As we cut the potato seed, I hearkened back to my days during spud cutting days in Uncle Milt’s cellar. He taught us to cut them so there was “an eye” in each set, “an eye to grow,” he would say. I showed Emiline how this was to be done. She just squatted and watched me cut the potatoes and dig the furrow, and then she helped me plant each set, eyes facing up so they would shoot through the dirt and out into the sun.
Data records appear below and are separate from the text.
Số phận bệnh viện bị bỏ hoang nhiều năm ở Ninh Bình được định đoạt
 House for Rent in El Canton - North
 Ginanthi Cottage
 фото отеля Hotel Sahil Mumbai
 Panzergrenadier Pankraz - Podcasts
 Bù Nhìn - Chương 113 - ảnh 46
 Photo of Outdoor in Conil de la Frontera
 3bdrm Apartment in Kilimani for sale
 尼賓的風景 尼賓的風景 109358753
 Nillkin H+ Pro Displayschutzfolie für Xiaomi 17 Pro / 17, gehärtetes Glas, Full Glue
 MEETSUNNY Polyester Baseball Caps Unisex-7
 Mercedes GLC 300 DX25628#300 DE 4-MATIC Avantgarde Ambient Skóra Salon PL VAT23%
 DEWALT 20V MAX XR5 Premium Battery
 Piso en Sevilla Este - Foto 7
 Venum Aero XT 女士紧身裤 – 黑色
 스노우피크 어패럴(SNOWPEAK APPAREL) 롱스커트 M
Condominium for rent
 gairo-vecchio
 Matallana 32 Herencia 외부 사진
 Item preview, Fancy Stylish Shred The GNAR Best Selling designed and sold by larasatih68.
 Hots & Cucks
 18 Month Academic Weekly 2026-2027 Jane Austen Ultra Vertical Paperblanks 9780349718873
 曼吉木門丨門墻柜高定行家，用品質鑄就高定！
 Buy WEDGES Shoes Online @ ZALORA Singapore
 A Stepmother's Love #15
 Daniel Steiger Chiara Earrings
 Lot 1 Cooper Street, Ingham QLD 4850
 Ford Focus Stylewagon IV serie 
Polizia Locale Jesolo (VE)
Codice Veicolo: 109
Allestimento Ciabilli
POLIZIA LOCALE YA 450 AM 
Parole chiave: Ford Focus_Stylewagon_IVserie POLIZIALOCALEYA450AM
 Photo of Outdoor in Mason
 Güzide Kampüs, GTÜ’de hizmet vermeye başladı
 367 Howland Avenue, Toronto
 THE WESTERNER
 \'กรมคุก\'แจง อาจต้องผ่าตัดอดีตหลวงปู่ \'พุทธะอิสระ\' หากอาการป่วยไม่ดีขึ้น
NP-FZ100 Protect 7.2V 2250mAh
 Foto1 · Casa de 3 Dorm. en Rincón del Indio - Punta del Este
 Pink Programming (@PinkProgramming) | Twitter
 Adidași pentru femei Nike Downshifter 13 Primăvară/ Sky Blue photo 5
|The start of our early garden|
Soon, we planted other things: carrots, beets, Swish chard, corn, tomatoes, cucumbers, and watermelon. Also, volunteer summer and zucchini squash sneaked out of the ground. Some of them we pulled up; others we left to grow. Our neighbors gave us some strawberry starts that we also planted.
|Beets and beans|
Before too long, the seeds began to sprout. Each day, Emiline and I walked outside to assess our work. She squealed when I showed her what was coming out of the ground. She would run to her mother and tell her the good news. She was so excited about the garden and its growth. I suspect I was the same way with our garden when I was growing up.
|Starting to grow and flourish|
Within a relatively short time, the peas began to bloom and set little pods. I showed them to Emiline. She was curious as to when we could pick them. “Soon,” I said. Well, soon came upon us, and we picked peas and shelled them in a colander almost like the one we used to use when I was growing up. We also carefully dug up some little red potatoes so Joanne could make her famous “new peas and potatoes” dish. We dined well that night.
|Pea pod boats|
Picking peas is an arduous task, but there is some fun in it. When I was a kid, my dad showed us how to make pea pod boats and sail them down the rows when we watered. I remember making dozens of the pea pod boats each summer. As I was picking this year, I said to myself, “I should make a pea pod boat.” I did and sent it down one of the rows. Ah, the wonderful memories of youth!
|Peas ready to be shelled|
Our garden has done well. We have eaten onions, beets, carrots, summer and zucchini squash (both “volunteer” plants), one tomato, one cucumber—so far—and Swish chard. I don’t think there is anything as good as fresh vegetables from one’s garden. We ate the cucumber last night, and it was absolutely delicious. And the corn is tassling, meaning corn is on its way!
|A triad of daisies|
Plus, the flowers have been beautiful. We have planted just a few. Most of the flowers were already here. Thanks to the Poppleton family who used to live here. Apparently, Mr. Poppleton was an expert gardener and loved flowers, particularly lilies and roses. They have been beautiful. You can tell he spent a great deal of time in his yard and his garden.
|One of the bouquets|
Flowers spice up your yard and can spice up your table if you know how to arrange them. Even if you don’t, you can throw some in a vase, and the next thing you know you have a bouquet of beautiful flowers that a florist would covet. Promise!
|The garden today.|
Yes, summer can be a joyous occasion in your garden. The vibrant colors of flowers create a glorious view from your windows and the road. Neighbors and people who walk along the sidewalk will definitely say something to you. Plus, having fresh vegetables only punctuate your hard work. In the early morning or in the evening, you can stand back and bask in their beauty, knowing full well who has provided such wonders to the world.